10.    Asset Purchase Agreement


On February 1, 2013, the Company entered into an Asset Purchase Agreement (the “Purchase Agreement”) with Prasco, LLC, an Ohio limited liability company (“Prasco”), pursuant to which the Company purchased from Prasco assets associated with econazole nitrate cream 1% (the “Product), which is available in 15g, 30g, and 85g tubes has United States Food and Drug Administration approved indications for the treatment of tinea pedis, tinea cruris, and tinea corporis as well as the treatment of cutaneous candidiasis and tinea versicolor.

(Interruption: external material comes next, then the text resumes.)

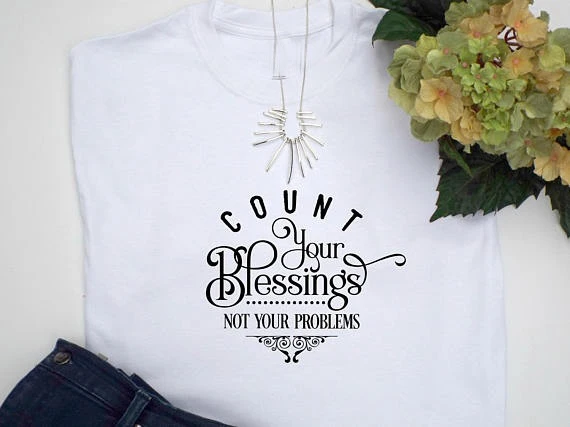 

Count Your Blessings Christian graphic shirts Inspirational clothing slogan cotton believer faith baptism pray tee top art shirt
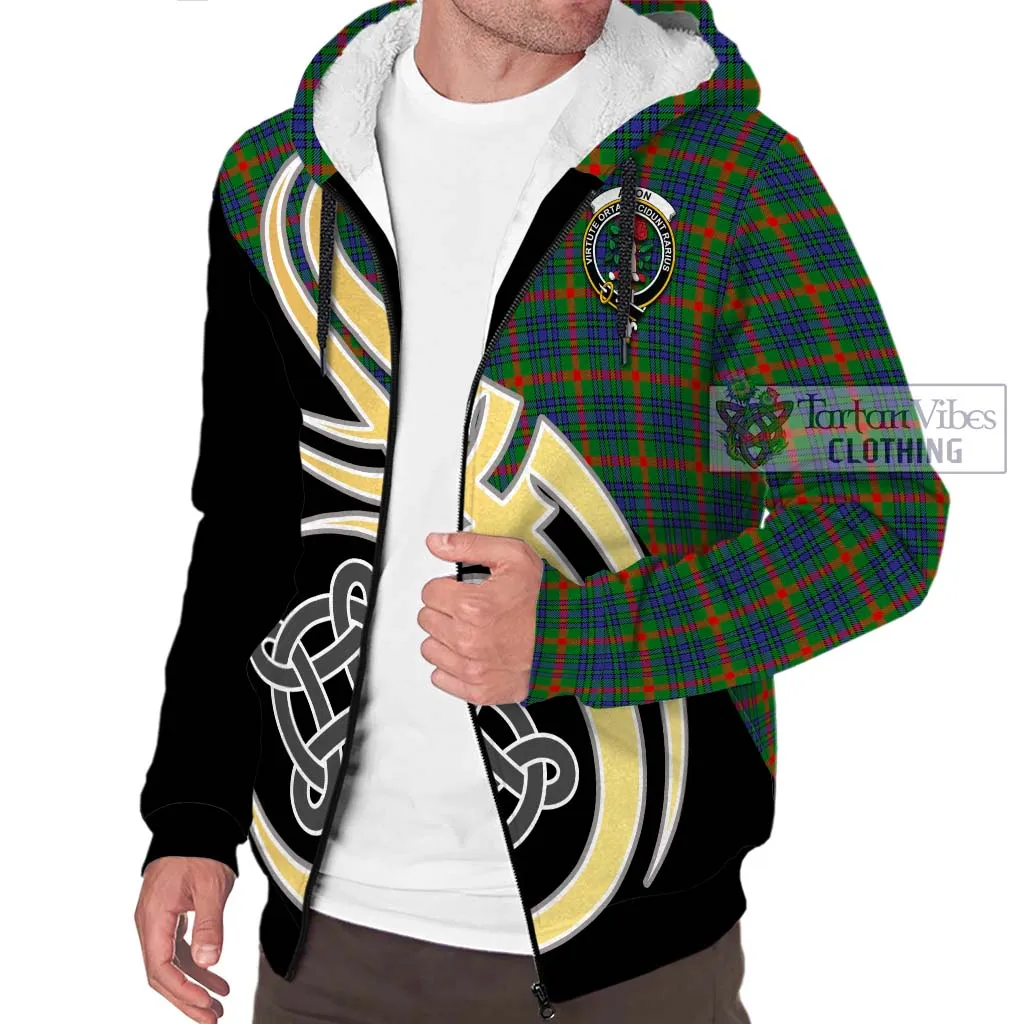 Aiton Tartan Sherpa Hoodie with Family Crest and Celtic Symbol Style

In consideration for the purchase of the assets pursuant to the Purchase Agreement, the Company paid Prasco $1.4 million in cash and will be required to pay an additional aggregate of $400,000 upon the occurrence of certain milestone events (the “Milestone Payment”). The Milestone Payment is secured by a first-priority security interest in the acquired assets under the Purchase Agreement. The transaction is accounted for as a purchase of the product and product rights, and as such the initial payment and related costs to acquire the asset are included as part of product acquisition costs totaling $1.4 million.  Upon the completion of the milestone payment, the Company will capitalize the remaining milestone payment and related acquisition costs and amortize the costs over fifteen years, the useful life of the acquired product and product rights.


Under and subject to the terms and conditions of the Purchase Agreement, Prasco will continue to distribute the Product during a six-month period following the closing of the Purchase Agreement or for a shorter period if the Company has completed the technical transfer of the Product and begun manufacturing the Product under its own label. The Company expects sales of the product in the third quarter of 2013.


In addition, the Purchase Agreement contains certain non-compete restrictions preventing Prasco from selling the Product in United States for a period of seven years.